Like the region, the Mask is an important concept in GRASS that you need to understand to use GRASS to its full potential. If a mask is set, raster modules will operate only on data falling inside the masked area(s), i.e. any data falling outside of the mask are treated as if their pixel values were NULL. To set the mask you can use r.mask or create a raster called MASK (this raster map name is reserved for this purpose).

For new users, make always sure you know if/what MASK is set. You can easily check if there is a mask set by checking if there is a layer with the name MASK in your mapset. You can also display the MASK like any other raster layer. For more details about using masks, see the r.mask manual page.

Interfaces

GRASS GIS offers different interfaces for the interaction between user and software. Let's see them...

Graphical User Interface (GUI)

The GUI is the simplest way to approach GRASS GIS. It offers a user-friendly approach to executing modules where the users can navigate to data layers that they would like to analyze and modify processing options with simple check boxes. The GUI also offers an easily accessible manual on how to execute a module.

The GRASS GIS GUI is composed of two elements, the Layer Manager where you can find all the GRASS GIS modules and manage your data and, the Map Display where you can navigate, print and query your maps. The GUI also comes with a Python shell for rapid prototyping.

Command line

The command line is the traditional and, probably, the most powerful way to use GRASS GIS, used daily by many GRASS GIS power users worldwide.

The command line interface allows users to execute a module using command prompts specific to that module. This is handy when you are running similar analyses with minor modification or are familiar with the module commands for quick efficient processing. Advantages of the command line

• Run "history" to see all your previous commands
• History is stored individually per MAPSET
• Search in history with CTRL-R
• Save the commands to a file: history > my_protocol.sh, polish/annotate the protocol and re-run with: sh my_protocol.sh
• Call module's GUI, set all options and "Copy" the final command for further replication

Calling a module GUI from the terminal

Remember that there is a simplified command line included in the GUI, the tab "Console". It offers a "Command prompt" button to save the command's history to a file.

Python

Python is a powerful and simple programming language, and you can use it to:

• interface with the functionalities offered by GRASS GIS
• create your own workflows chaining several GRASS GIS modules
• create new add-ons by using GRASS GIS modules along with a wide number of Python libraries.

The simplest way to execute a Python script using GRASS GIS modules is to use the "Simple Python editor" accessible from the toolbar or the Python tab in the Layer Manager.

Another option is to write the Python code in your favorite plain text editor.
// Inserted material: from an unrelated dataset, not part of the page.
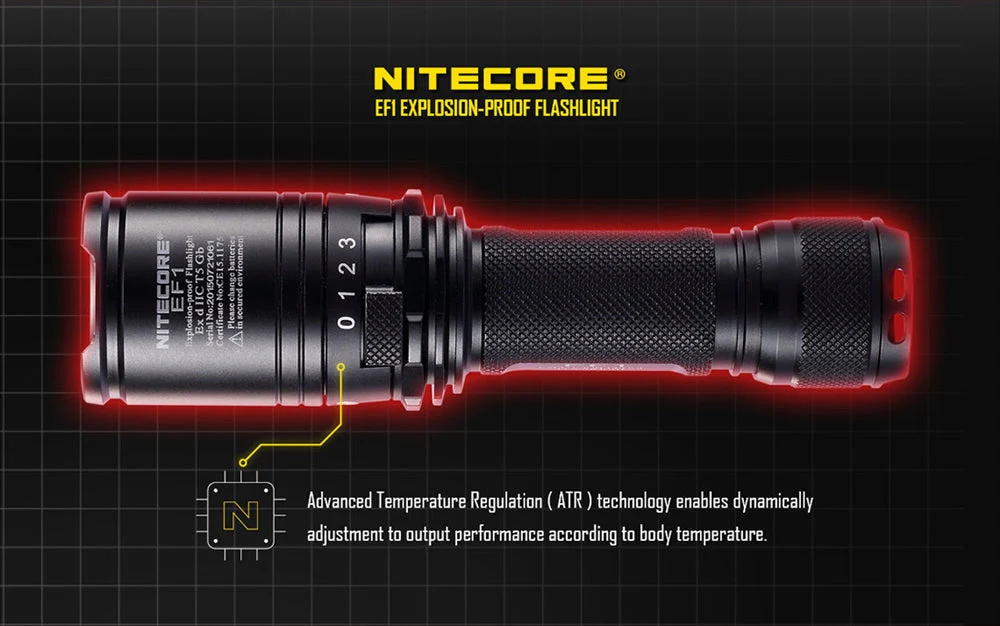Nitecore EF1 830 Lumen Accredited Safe LED Flashlight - Image 7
Then, run the script in GRASS GIS using the main menu File -> Launch script. Here's an example of Python code to run GRASS GIS modules:

		
!/usr/bin/env python

# simple example for pyGRASS usage: raster processing via modules approach

from grass.pygrass.modules.shortcuts import general as g
from grass.pygrass.modules.shortcuts import raster as r

g.message("Filter elevation map by a threshold...")

# set computational region
input = 'elevation'
g.region(rast=input)

# hardcoded:
# r.mapcalc('elev_100m = if(elevation > 100, elevation, null())', overwrite = True)

# with variables
output = 'elev_100m'
thresh = 100.0
r.mapcalc("%s = if(%s > %d, %s, null())" % (output, input, thresh, input), overwrite = True)
r.colors(map=output, color="elevation")
		
    

QGIS

There are two ways to use GRASS GIS and its functionalities in QGIS: through the GRASS GIS plugin and through Processing toolbox. In the first case, QGIS works as a GUI for GRASS GIS, and users can process and analyze their data in the GRASS Database with GRASS GIS modules. In the second case some of the GRASS GIS modules are available through Processing toolbox, and it allows to use GRASS functionality with data not necessarily in the GRASS Database.

R + rgrass7

GRASS GIS and R can be used together in two ways:

• Using R within a GRASS GIS session, i.e. you start R (or RStudio) from the GRASS GIS command line.
• Using GRASS GIS within an R session, i.e. you connect to GRASS GIS Database from within R (or RStudio).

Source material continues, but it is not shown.